Bartmanns get their kicks in Marshfield
By Kris Leonhardt
Editor
Until the colonial days of America, shoes were typically homemade, created by pounding leather into shape, sewing the sole to an upper, and adding an insole.
The Revolutionary War prompted the need for mass production, and the industrialization of America further catapulted shoe fabrication.
Most shoes and boots were produced in the eastern part of the country, which required the use of distributors to get them to middle America. In a time when families would sooner repair than buy new, rural areas had a great need for cobblers to mend damaged or worn footwear.

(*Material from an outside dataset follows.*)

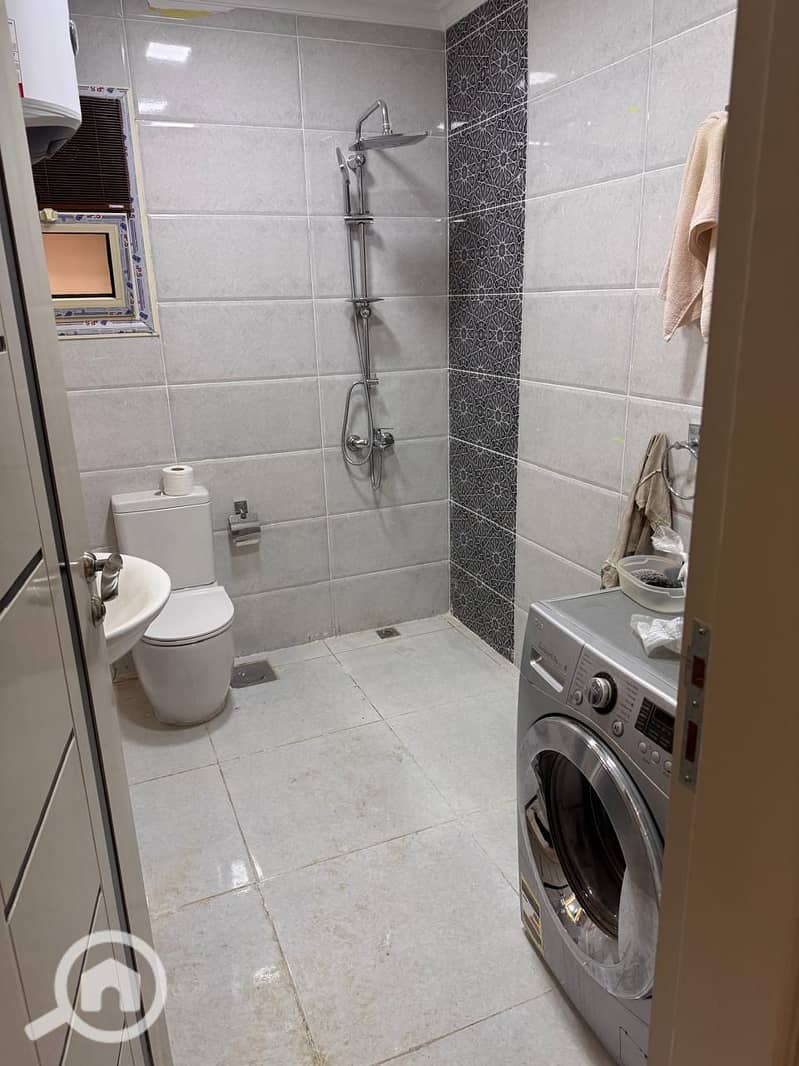 15 WhatsApp Image 2026-01-03 at 11.32. 07 PM. jpeg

In 1891 Albert Bartmann came to Marshfield from Appleton, where he had been operating a business with his brother-in-law selling and repairing boots and shoes.
He opened a store in the growing city at 130 S. Central Ave. With his family residing above the store, he enlisted the help of his 8-year-old daughter Amanda as a shoe salesgirl.

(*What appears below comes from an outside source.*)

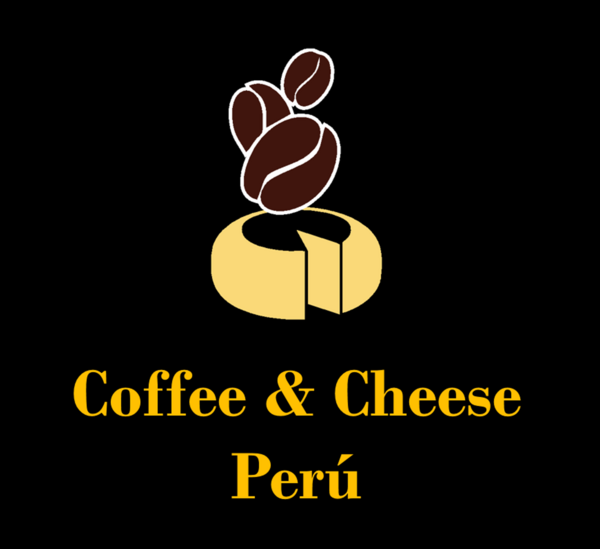 Coffee & Cheese Perú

Assumedly grooming Amanda to take over the business, the young daughter worked by her father’s side until she married in 1905. Instead of passing the business on to his daughter and new spouse, Bartmann sold the store and went to work for another employer.
After three years of working for someone else, Bartmann opened a new shoe store at 300 S. Central Ave. and enlisted the help of another young sales lady, his daughter Freida.
She too worked by her father’s side until she married.
Upon reaching retirement age, Bartmann turned the shoe business over to his son Herbert. Herbert was a visionary and soon opened a modernized store at 209 S. Central Ave.
Herbert went on to expand his business to multiple locations in other cities with the help of his brother-in-law William Montgomery.
With the stock market crash of 1929, many businesses were taken down. Herbert sold off many of his holdings, only retaining the stores in Stevens Point and Marshfield.
The Marshfield store operated for less than a decade before that location closed as well.